137 La consultation des actes nous conduit à rectifier ce passage, il s’agit de Louise Lauriane, fille de Jean qui épousa le 25 juin 1689 Antoine Gilli (BMS Mazan - Mariages 1689-28 novembre 1697 - vue 5) « L'an que dessus et le 25 juin, après une seule publication de bans faite la veille, jour de la St Jean-Baptiste, au cours d'une messe solennelle, les autres renvoyées après le mariage, ainsi qu'il ressort de l'autorisation donnée par le Rd Me La Royer, Vicaire Général et Official de Carpentras, en date du 21 dudit mois, que je conserve chez moi, je, soussigné, ai uni solennellement en mariage, après avoir reçu leur mutuel consentement par paroles de présent, Antoine GILLY, fils de Jean du lieu de la Roche, diocèse d'Embrun (Hautes-Alpes), dispensé par son Illustrissime Messire Charles Brulard de Gentis, archevêque, et prince d'Embrun, des 3 publications ainsi qu'il apparaît des lettres signées et scellées (marquées d'un sceau) dudit Illust. Archevêque, en date du 4 juin sus-dit, et Louise LAURIANE, fille de feu Jean dudit lieu de Mazan, en présence des témoins connus etc. ... » (Traduit du latin).
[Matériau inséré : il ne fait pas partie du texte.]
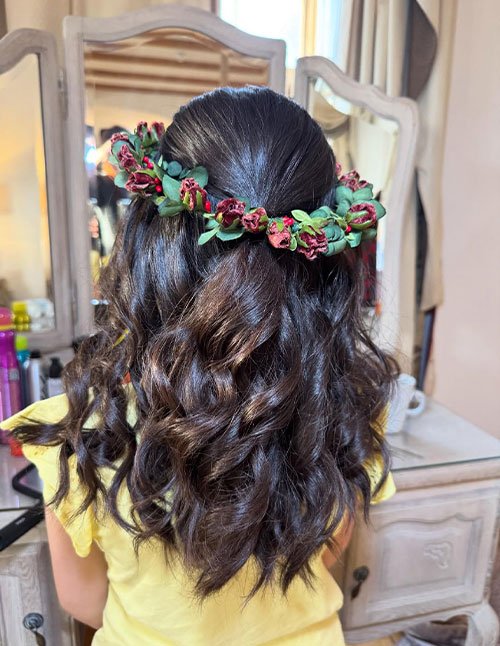 Girl with shoulder-length curly hair styled half-up and decorated with a floral crown across the back of the head.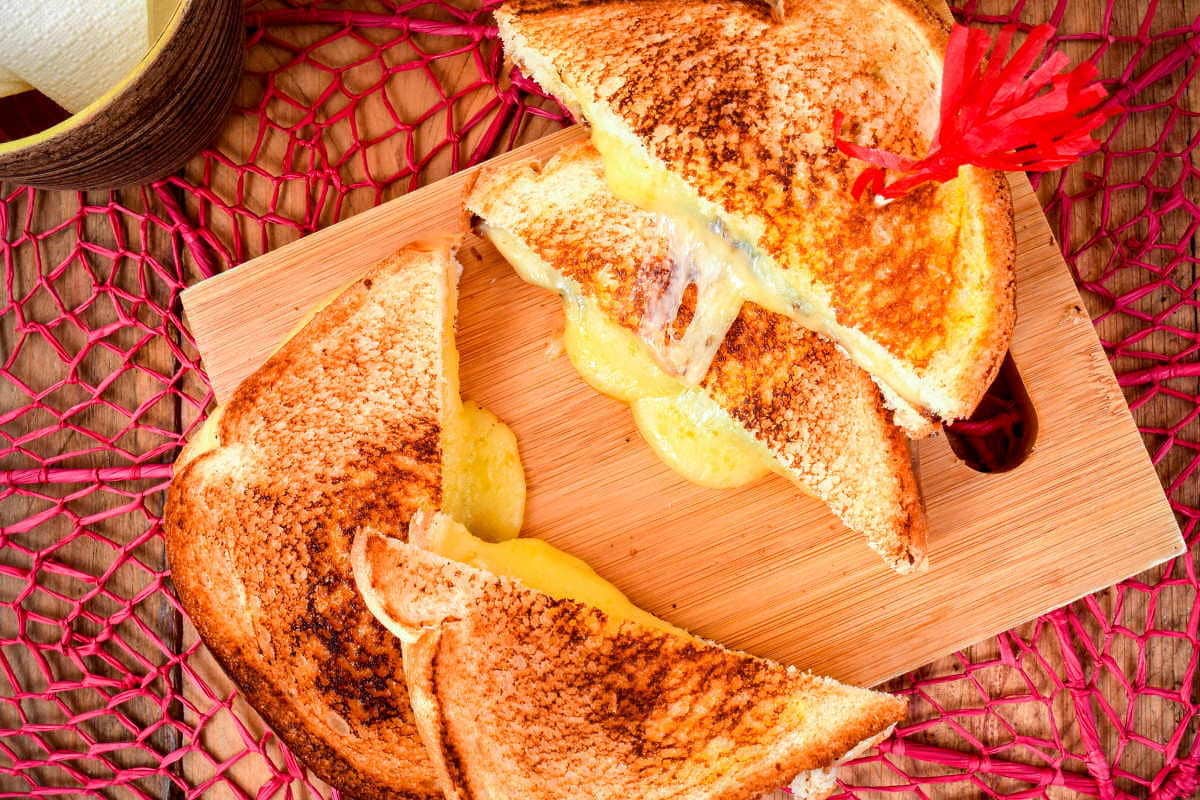 Electric Skillet Grilled Cheese 4 Electric skillet grilled cheese sandwiches on a cutting board. over a pink doiley.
138 L’acte de mariage d’Antoine Gilli et Louise Lauriane nous permet de savoir qu’il était originaire de La Roche-de-Rame, non loin d’Embrun dans les Hautes-Alpes (Voir ci-dessus)

Désormais les Gilly feront souche aux lieux où ils ont atterri. Antoine et Marie Isnarde, ainsi qu'elle est nommée, par féminisation de son patronyme, eurent sept enfants : d'abord deux filles, puis deux garçons, encore trois dont un seul mourut au berceau, exploit rare dans cette époque ou la mortalité infantile était considérable : preuve de la solidité de la race peut être !

Il nous faut ici abandonner cette abondante parentèle pour nous intéresser à l'aîné des garçon, Louis, né en 1740 et qui allait vivre jusqu'à l'âge de quatre-vingt-dix ans. C'est de celui-là que nous procédons directement.

Louis Gilly, petit-fils d'un marchand, fils d'un maître d'école était entreprenant et sérieux : il devint propriétaire, négociant et homme d'importance. S'étant marié, en 1768, avec la fille d'un maître chirurgien de Remoulins portant le beau nom de Raison, Louis s'installa très vite dans le bourg, sans pour autant abandonner ce qu'il possédait à Fournès.

À Remoulins, il prit de l'importance : Le Duc d'Uzès le choisit, vers 1740, pour son viguier de la baronnie de Remoulins. À ce titre, il devint l'homme le plus important du pays, celui par qui passent toutes les affaires.

Louis et Suzanne, son épouse, s'étaient mariés le 18 octobre 1768. Deux cent quatre-vingt seize jours plus tard, le 10 août 1769, naissait, à Fournès, le premier garçon. On le baptisa deux jours plus tard, ayant pour parrain et marraine, selon la vieille coutume, un grand-parent de l'un et l'autre côté : Jacques Raison et Marie Gilly ; il reçut les prénoms de Jacques Laurens, Laurens avec un "s".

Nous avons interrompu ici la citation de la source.